Poi nel ’90, dopo il successo del libro, arrivò la trasposizione televisiva, una miniserie, in cui il pagliaccio in questione era quel Rocky Horror Picture Show coi piedi di Tim Curry. Intere generazioni sono state traumatizzate da un film che, dopotutto, col senno di poi, era robetta. Nonostante Curry, magistrale. Ora è nelle sale l’adattamento cinematografico di Andrès Muschietti, the next big thing di cui tutti parlano. Controverso fin dalla lunghissima lavorazione (fuga del regista Fukunaga, quello di True Detective, compresa), questo primo capitolo di It è un blockbuster mondiale, di proporzioni titaniche. A giudicare dai numeri, insomma, qualcosa che facile abbia visto pure vostra nonna il pomeriggio che s’è scocciata del punto croce davanti a Barbara d’Urso.
Si merita tutto questo successo o si tratta solo di giovanilistico hype? La risposta è sì, se lo merita. La distanza dalla miniserie è abissale, non solo perché sono passati una trentina d’anni da quella messa in onda. Qui la situazione è completamente ribaltata: Se prima It stava in piedi grazie a It (Tim Curry, appunto), oggi It regge a prescindere da It.
Il pagliaccio, l’attore Bill Skarsgård, è talmente intriso di computer grafica da essere praticamente ininfluente, un cartone animato, uno spot del Mc Donald’s col ketchup andato a male. Il clown da protagonista e cuore pulsante del terrore diventa una circostanza all’interno di una trama appassionante già di per sè. A parte qualche eccessiva strizzata d’occhio destro e sinistro agli anni Ottanta, i ragazzini del Club dei Perdenti sono un’ode al fallimento eroico. Sfigati, sbeffeggiati, incompresi, tostissimi. Non le classiche vittime bidimensionali che strillano alla prima goccia di sangue, no, questi affrontano qualsiasi rogna a muso duro. E con un sarcasmo davvero fuoriluogo. Dunque del tutto convincente.

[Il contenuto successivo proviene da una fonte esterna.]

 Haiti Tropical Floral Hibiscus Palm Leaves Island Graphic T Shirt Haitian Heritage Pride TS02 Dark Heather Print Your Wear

Curry ha spaventato intere generazioni, dicevamo, e lo ha fatto perché il suo personaggio aveva quella follia irrazionale, per intenderci, la stessa del Joker di Heath Ledger, rideva, rideva sempre. Questo clown non ride mai, ha la faccia cattiva, la voce cattiva, vuole mangiarti, mangiarti, mangiarti. E se i suoi occhi fluorescenti fossero in grado di trasmettere qualsivoglia tipo di emozione, te lo direbbero pure loro. Roba che se sei un bambino e ti fidi di quella creatura (per quanto, davvero, abbiamo tutti ucciso zombie in pixel più spaventosi nelle salegiochi dei multisala) è solo selezione naturale. Curry era amichevole, Skarsgård aspira solo a diventare una gif.

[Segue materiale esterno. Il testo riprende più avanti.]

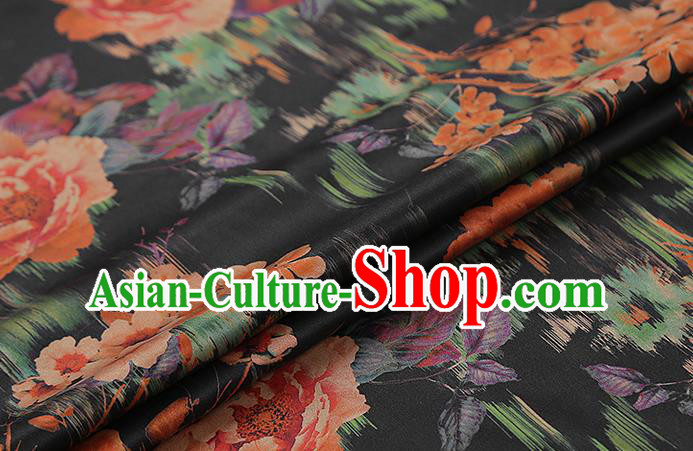 Chinese Traditional Black Brocade Drapery Cheongsam Silk Fabric Classical Roses Pattern Gambiered Guangdong Gauze Chinese Traditional Black Brocade Drapery Cheongsam Silk Fabric Classical Roses Pattern Gambiered Guangdong Gauze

Il pagliaccio compare poco, come nella miniserie originale, e arriva sempre ad interrompere qualcosa di veramente interessante che sta accadendo tra i personaggi. Tipo la pubblicità durante i film in tv. Quella del Mc Donald’s, chiaramente. Curry ha spaventato intere generazioni, dicevamo, e lo ha fatto perché il suo personaggio aveva quella follia irrazionale, per intenderci, la stessa del Joker di Heath Ledger, rideva, rideva sempre. Questo clown non ride mai, ha la faccia cattiva, la voce cattiva, vuole mangiarti, mangiarti, mangiarti. E se i suoi occhi fluorescenti fossero in grado di trasmettere qualsivoglia tipo di emozione, te lo direbbero pure loro. Roba che se sei un bambino e ti fidi di quella creatura (per quanto, davvero, abbiamo tutti ucciso zombie in pixel più spaventosi nelle salegiochi dei multisala) è solo selezione naturale. Curry era amichevole, Skarsgård aspira solo a diventare una gif. E ce l’ha già fatta, se scorrete le vostre home di Facebook. La rincorsa raffazzonata (sempre uguale), il balletto finale, tutto in lui grida “vi prego, fatemi essere un meme!”.

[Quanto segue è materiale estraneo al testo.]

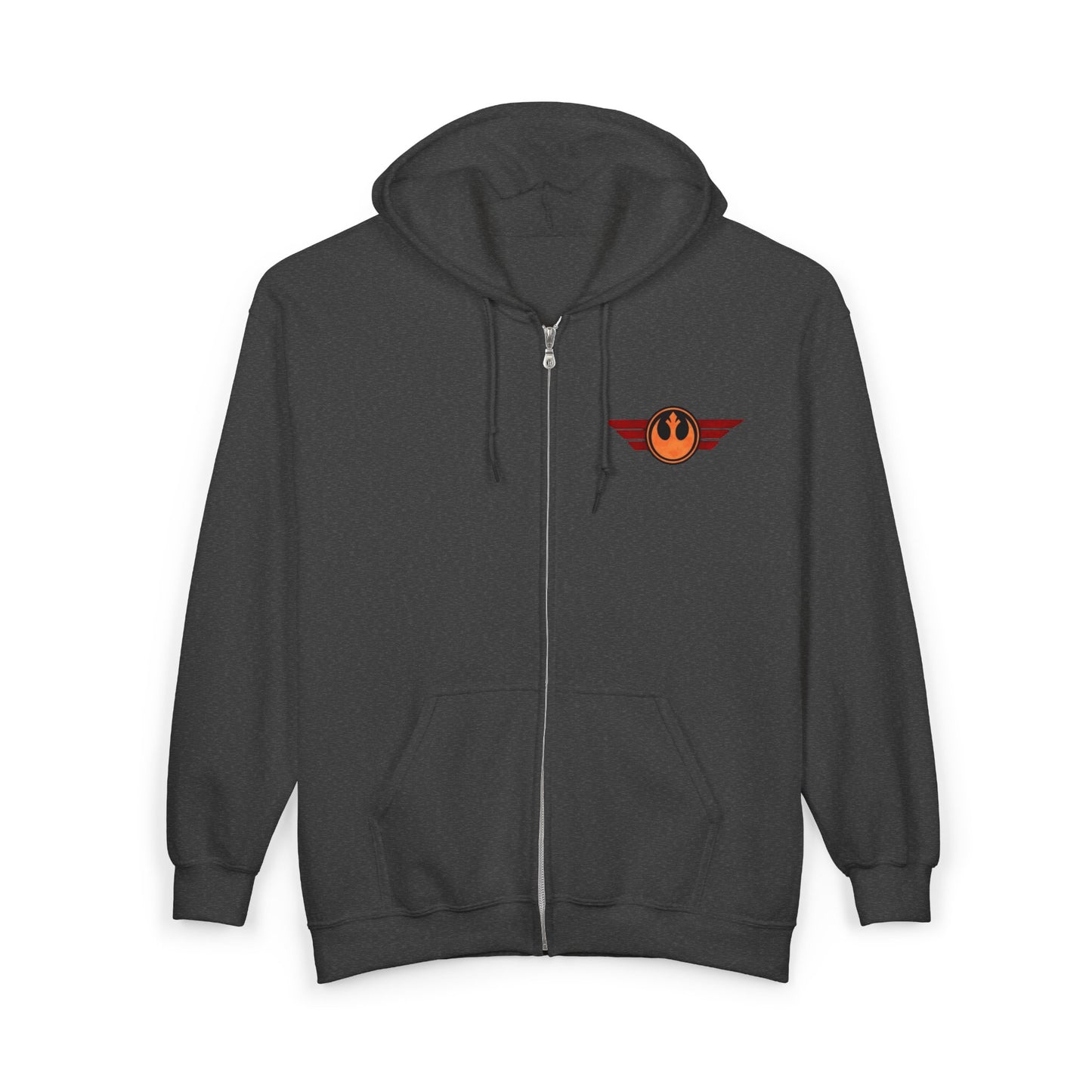 Rebel Wings Zip Hoodie — Vintage Pilot Emblem Full‑Zip Hoodie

Si poteva fare meglio? No e sì. Dal punto di vista dello sviluppo dei personaggi, questo film è un capolavoro. Peccato solo si sia dimenticato di rendere It un personaggio. Anzi, peccato si sia dimenticato uno dei motivi principali per cui facesse così paura nella miniserie: sembrava una persona. Con quelle venuzze rosse intorno alle pupille, quei denti gialli, così aguzzi, così veri. L’effetto speciale base dei morsi mortali, qui, l’avete visto in almeno altri 117 film horror precedenti a questo. Magari pure in Megashark versus Giant Octupus (sì, esiste).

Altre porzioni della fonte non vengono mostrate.